• Opłaty likwidacyjne wynikają z ochrony ubezpieczeniowej w rozumieniu T.U :-) i systemu naliczania wynagrodzenia dla przedstawicieli.Firmy nie zmienią tego ponieważ nie miałby kto dla nich pracować.

    Klienci podpisując takie umowy nie przyjmują do swoje świadomości że w okresie od momentu podpisania umowy ich sytuacja życiowa może zmienić się na bardzo negatywną (utrata pracy, zdrowia) z przyczyn od nich nie zależnych.Ludzie nie potrafią zadać pytania o tą kwestię ponieważ , mają przed oczami wspaniała przyszłość rysowaną przez przedstawiciela T.U Niestety większość z nas patrzy na dobre historyczne wyniki UFK które pokazują przedstawiciele dodają że historia w dłuższej perspektywie może się powtórzyć ( np. wysokie stopy zwrotu) tylko nie mówią za ile lat .... ponieważ nie są wróżbitami :-). Z drugiej strony klienci nie zwracają uwagi na to że jeżeli w trakcie trwania polisy zejdą z tego świata to pieniądze np. dla dzieci jako osób uposażonych zostaną przekazane bez żadnych podatków jako świadczenie ubezpieczeniowe.Kłopot w tym że to ubezpieczenie jest relatywnie drogie : opłata za zarządzanie , różnica w cenach jednostek TFI itd...Najgorsze jest to że nigdy w tych umowach nie wiemy ile dostaniemy nawet jak z umowy zrezygnujemy po okresie gdzie nie będzie już opłat likwidacyjnych. Problem w tym że bardzo duża część społeczeństwa nie potrafi policzyć tego. Wynika to z prowadzonej polityki przez nasze rządy ( MATEMATYKA NA MATURZE PRZEZ 10 LAT BYŁA NIEOBOWIĄZKOWA ) w myśl zasady im mniej wie społeczeństwo tym łatwiej min manipulować na swoją korzyść.Ale to społeczeństwo wybiera rządzących a nie firmy ubezpieczeniowe i pracownicy oraz współpracownicy więc warto pomyśleć przy zbliżających się wyborach.Pamiętajcie którzy posłowie głosowali za reformą OFE. Zacząć należałoby od tego że warunki ogólne takich produktów nie mogłyby zawierać więcej niż 3-4 strony. 

    Można tam zawrzeć najważniejsze postanowienia umowy (nawet na 100 stronach nie sposób zapisać wszystkich możliwych przypadków), resztę reguluje Kodeks Cywilny.

    Sprawa znana od dawna: W mętnej wodzie ryby biorą.

    Klient ma z reguły znikomą wiedzę o tych inwestycjach, nie ogarnia tych wszystkich terminów i po prostu "nie ma głowy" i czasu na czytanie 60 stron umowy.

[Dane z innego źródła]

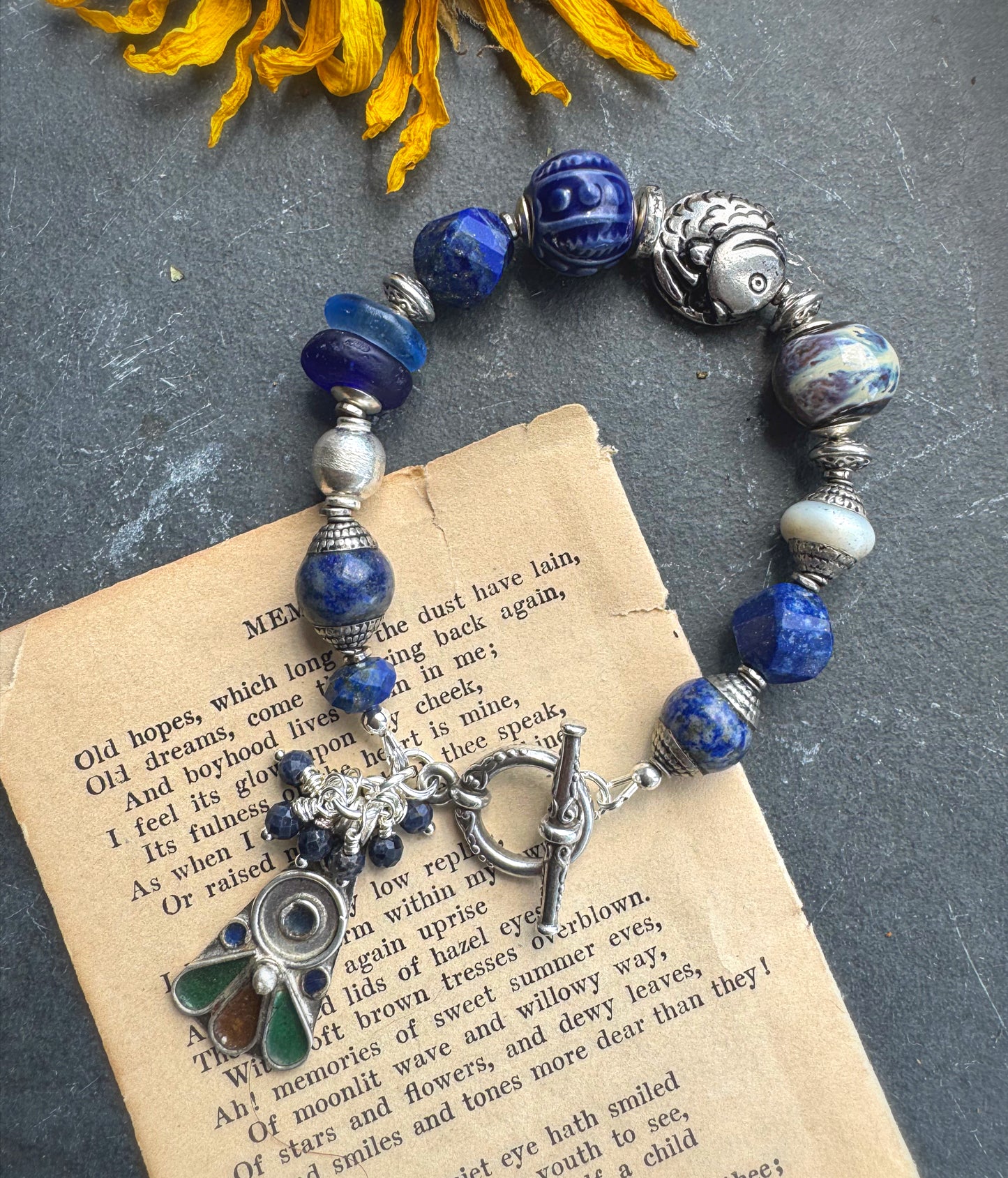 Lapis lazuli stone, Czech glass, ceramic, silver metal, bracelet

I o to chodzi sprzedającemu!!!

    Ufa słowom agenta, a ten przedstawia mu tylko to co klient chętnie kupi.

    Agent ma plan sprzedaży i prowizję od sprzedanych polis, a klient podpisuje oświadczenie że zapoznał się z warunkami umowy i je przeczytał i zrozumiał.

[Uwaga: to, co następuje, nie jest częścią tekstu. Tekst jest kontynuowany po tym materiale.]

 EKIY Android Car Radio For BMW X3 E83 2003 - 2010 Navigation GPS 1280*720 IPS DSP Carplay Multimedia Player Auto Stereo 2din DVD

    To taka specjalna "polisa" dla agenta i firmy ubezpieczeniowej - zupełnie darmowa polisa, bo podpisana przez nieświadomego i zmanipulowanego klienta.

     

    A te wszystkie instytucje państwa niby powołane do ochrony interesów klienta to ŻENADA I PORAŻKA.

    Zaczynają się ujawniać jak już tysiące klientów nabitych w butelkę robi zadymę.

    Instytucje finansowe mają obowiązek przedstawiać tym urzędom warunki takich umów i te urzędy powinny zwrócić uwagę na złodziejskie zapisy w tych warunkach.

    Dlaczego tego nie robią?

    Oszuści czują się bezkarni i dlatego są takie "kwiatki" jak WGI, Amber Gold i inni naciągacze schowani za fasadą niby prestiżowych instytucji finansowych.